Awaiting key earnings and next Fed rate hike, Wall Street continues win streak

Even though markets pulled out another winning week, recession and inflation worries are still nipping at investors’ heels.

MANHATTAN (CN) — Equities secured another positive week, albeit with a slight dip on Friday, as investors have based their trades on moderately positive earnings reports and the prospect of another aggressive interest rate hike next week.

All three indices finished the week in the black — mostly due to a tech rally on Tuesday — with the Dow Jones Industrial Average increasing 612 points since last Friday, the S&P 500 netting 98 points, and the Nasdaq gaining 382 points.

Corporate earnings helped drive the rally earlier in the week and likely will continue to keep stocks afloat throughout the summer. In its report, Tesla beat analyst expectations, while American Express saw a 31% increase in its second-quarter revenue.

“From a top line perspective, results have been good, not great,” James Vogt at Tower Bridge Advisors wrote in an investor’s note on Friday, adding key earnings reports from Google, Microsoft and oil giants are soon due. “Next week will be critical in determining the next phase of this bottoming process.”

Data this week, however, have experts again worrying about a recession. Unemployment insurance claims, not a major issue for months, increased to 251,000 claims for the week ending July 16, while continuing claims rose to 1.3 million for the previous week.

Unemployment claims typically increase in July as certain manufacturers lay off or furlough workers, but the numbers certainly justify opinions the U.S. economy is at least cooling if not at the precipice of a recession.

Other economic indicators also hint at an economic slowdown.

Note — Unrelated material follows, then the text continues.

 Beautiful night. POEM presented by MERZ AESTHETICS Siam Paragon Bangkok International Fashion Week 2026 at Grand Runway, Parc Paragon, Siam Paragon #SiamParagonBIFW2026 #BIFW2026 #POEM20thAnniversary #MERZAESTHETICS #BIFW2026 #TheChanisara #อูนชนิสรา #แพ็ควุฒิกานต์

The Conference Board’s leading economic index fell 0.8% in June after a similar decrease in May, though the index still is 4.2 points higher than it was in June 2019. The Conference Board noted it expects economic growth to continue to cool throughout the rest of the year and predicts a recession by the end of the year.

On Monday, the National Association of Home Builders’ announced that its builder confidence index plunged for July, falling 12 points to hit its lowest reading since May 2020. The trade group blamed production bottlenecks, rising home building costs, and inflation for the decline in confidence, noting 13% of respondents said they reduced home prices in the last month.

“Affordability is the greatest challenge facing the housing market,” NAHB Chief Economist Robert Dietz said in a statement. “Significant segments of the home-buying population are priced out of the market.”

Some analysts are even more concerned. “Most concerning, traffic of prospective buyers fell the lowest since May 2020, suggesting that the housing market has more downside to go as interest rates trek higher and inflation chisels away consumer purchasing power,” said Jeffrey Roach, chief economist at LPL Financial.

Roach contends that the residential real estate market is in a contraction, though he also notes that raw-material prices are falling from recent highs, which could mean better months ahead for builders.

The recent data points likely haven’t dissuaded the Federal Reserve from continuing to aggressively raise rates when the central bank meets next week, with many analysts predicting the Fed again will hike rates by 75 basis points at its July 27 meeting.

“Beyond [next week’s meeting], the key question is how quickly and how far the Fed will drive the policy rate into restrictive territory,” Kathy Bostjancic, chief U.S. economist at Oxford Economics, wrote in an investor’s note. “With inflation posted to remain about 9% [year over year] through September, we anticipate another 75bps rate increase in September, before the Fed starts to downshift to 25bps rate increases through early 2023.”

Though there is an outside chance of a 0.5% interest rate, most investors seem to have baked a 0.75% rate hike — as well as other potential bad news — into their trades. “The economy will most likely take the upcoming Fed rate hike in stride, but as the economy becomes more vulnerable, the probability of the Fed breaking something increases as the economy moves into 2023,” Roach said.

Yet it is also likely the Fed’s aggressive stance now will pay off in early 2023, with some predicting inflation to begin its sharp decline in March of next year.